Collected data
╔══
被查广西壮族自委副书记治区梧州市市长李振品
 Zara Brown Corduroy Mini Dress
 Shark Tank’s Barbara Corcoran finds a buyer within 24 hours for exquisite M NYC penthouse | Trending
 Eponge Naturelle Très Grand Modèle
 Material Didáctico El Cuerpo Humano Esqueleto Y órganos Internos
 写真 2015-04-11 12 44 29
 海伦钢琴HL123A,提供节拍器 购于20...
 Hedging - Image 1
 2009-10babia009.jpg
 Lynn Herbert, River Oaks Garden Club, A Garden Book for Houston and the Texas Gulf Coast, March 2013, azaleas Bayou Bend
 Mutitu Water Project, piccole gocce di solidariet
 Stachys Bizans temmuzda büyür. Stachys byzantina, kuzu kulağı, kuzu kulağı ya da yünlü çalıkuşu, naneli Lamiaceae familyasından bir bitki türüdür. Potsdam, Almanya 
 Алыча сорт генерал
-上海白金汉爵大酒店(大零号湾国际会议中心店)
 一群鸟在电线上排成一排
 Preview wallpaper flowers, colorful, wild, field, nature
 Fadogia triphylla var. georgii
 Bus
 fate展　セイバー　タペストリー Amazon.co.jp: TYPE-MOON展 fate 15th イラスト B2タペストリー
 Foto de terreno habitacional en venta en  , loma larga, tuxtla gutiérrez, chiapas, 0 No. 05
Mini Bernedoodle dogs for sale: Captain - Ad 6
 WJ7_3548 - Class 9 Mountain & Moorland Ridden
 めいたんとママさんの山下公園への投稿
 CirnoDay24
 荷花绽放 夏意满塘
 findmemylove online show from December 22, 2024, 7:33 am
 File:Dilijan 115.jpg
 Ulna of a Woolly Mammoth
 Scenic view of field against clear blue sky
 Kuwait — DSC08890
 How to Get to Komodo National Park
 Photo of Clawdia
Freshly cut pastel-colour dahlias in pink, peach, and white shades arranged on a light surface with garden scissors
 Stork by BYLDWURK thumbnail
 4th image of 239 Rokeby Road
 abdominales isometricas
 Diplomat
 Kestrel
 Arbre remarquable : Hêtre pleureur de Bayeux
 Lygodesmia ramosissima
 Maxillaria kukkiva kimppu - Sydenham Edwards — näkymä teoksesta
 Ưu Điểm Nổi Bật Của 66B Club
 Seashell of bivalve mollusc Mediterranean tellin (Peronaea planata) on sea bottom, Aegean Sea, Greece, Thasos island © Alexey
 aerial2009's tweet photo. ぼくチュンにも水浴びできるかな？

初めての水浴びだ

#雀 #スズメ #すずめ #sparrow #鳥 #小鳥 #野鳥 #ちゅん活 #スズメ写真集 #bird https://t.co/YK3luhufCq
╚══
§ WORK ITEM:
Check every line above for the string "Club", and copy the ones that have it.

§ REPLY:
 Lynn Herbert, River Oaks Garden Club, A Garden Book for Houston and the Texas Gulf Coast, March 2013, azaleas Bayou Bend
 Ưu Điểm Nổi Bật Của 66B Club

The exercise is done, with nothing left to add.